Days before the showdown, NBC News reported that two-thirds of Americans, Democrats and Republicans alike, oppose trade arrangements that exchange family-wage jobs for allegedly cheaper consumer goods. Other polling finds that free-trade deals trouble the Republican rank-and-file more than the Democrat’s. And reports from Capitol Hill indicate that constituent calls overwhelmingly oppose the GOP-Obama trade package.

So by abandoning the 2014 midterm voters that gave Republicans control of both houses of Congress to check Obama, the GOP leadership squandered some hard-won political capital, complicating the party’s quest to defeat Hillary Clinton in 2016 and retain the U.S. Senate.

Nowhere is this political irony more on display than in the Keystone State, where 10 of 12 Pennsylvania Republican congressmen — and Pat Toomey in the Senate — did the bidding not only of party leadership but also the multinational behemoths and big banks. In contrast, four of six New Jersey GOP representatives voted against “Obamatrade.”

Only second-termers Scott Perry of York County and Keith Rothfus of Western Pennsylvania stood up for an industrial state still reeling from ominous trade deficits and the hollowing out of U.S. manufacturing, all of which accelerated when a Democratic Congress fell for the same free-trade song and dance when ratifying NAFTA 22 years ago.

Perhaps Pat Meehan of working-class Delaware County, Mike Fitzpatrick of suburban Bucks, Charlie Dent of the Lehigh Valley, and Joe Pitts of Dutch Country have yet to digest how globalization policies that privilege finance over manufacturing have liquidated the private-sector middle class, depressing GOP Electoral College fortunes, especially in their beloved state.

They could take pointers from Dwight Eisenhower, Richard Nixon, and Ronald Reagan. Those Republicans — who wooed rather than alienated trade-union households — triggered landslide elections and captured decisive majorities in Pennsylvania. Even George H.W. Bush, the last GOP presidential nominee to capture Pennsylvania, followed the wiser strategy of heeding voter sentiment to reach the presidency.

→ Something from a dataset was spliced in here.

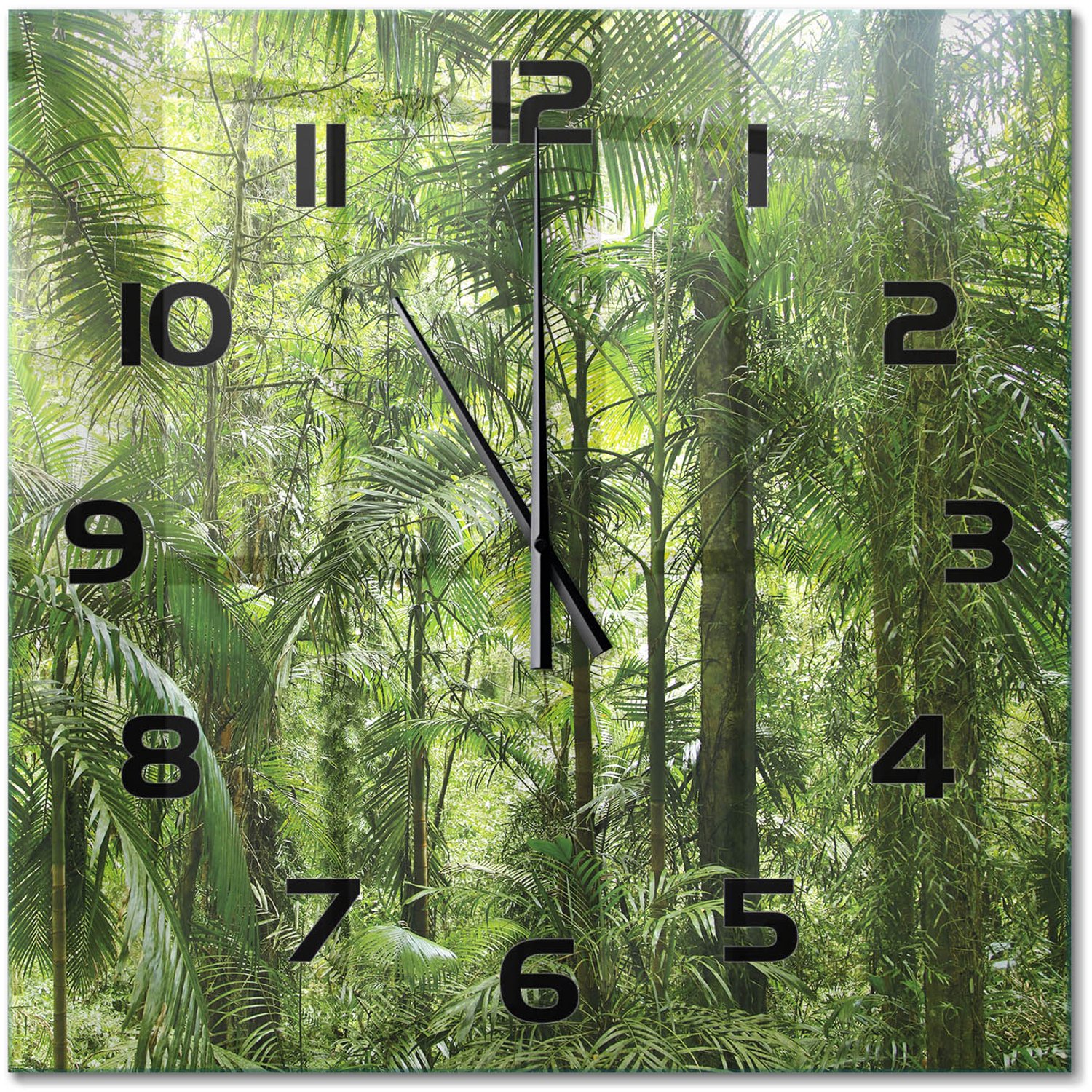 TULUP Wandklok - Tropisch bos Decoratieve Glazen Klok - 60x60 cm - Groente Glazen Wandklok Design - Zwarte handen - Vierkante Klok - Glazen Klok Met Print - Wandklok Glas Met Motief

On the Friday before the 1988 election, with polls showing Democrat Michael Dukakis closing fast in the Rust Belt, the GOP nominee wrote to Sen. John Heinz, the Pennsylvania steel champion, promising to extend Reagan’s policies that leveled the playing field for a U.S. steel industry ailing from global overcapacity. The mouthpiece of globalism and anti-Americanism, the New York Times smeared Bush as an opportunist. But Bush’s commitment to deliver economic tangibles to Middle America won him the White House, a lesson he subsequently forgot.

As has the current GOP. Even after Pelosi warned him that the dubious trade package was doomed, Speaker John Boehner pressed ahead with his fatal vote. Indeed, his leadership colleagues seem as bedazzled by free-trade abstractions as Democrats by global-warming ideology.

That’s an unfortunate departure from the “trade realism” of Reagan, who vigorously defended American interests against unfair foreign competition. The model conservative president delivered import relief not only for steel but also for other domestic concerns, including automobiles, motorcycles, sugar, electronics, lumber, textiles, and machine tools. Equally important, the Gipper forced Japan to cease manipulating the yen. The industrial island nation returned to the stealth practice in the 1990s, reimposing a mammoth trade barrier that the Trans-Pacific Partnership (TPP) does nothing to address.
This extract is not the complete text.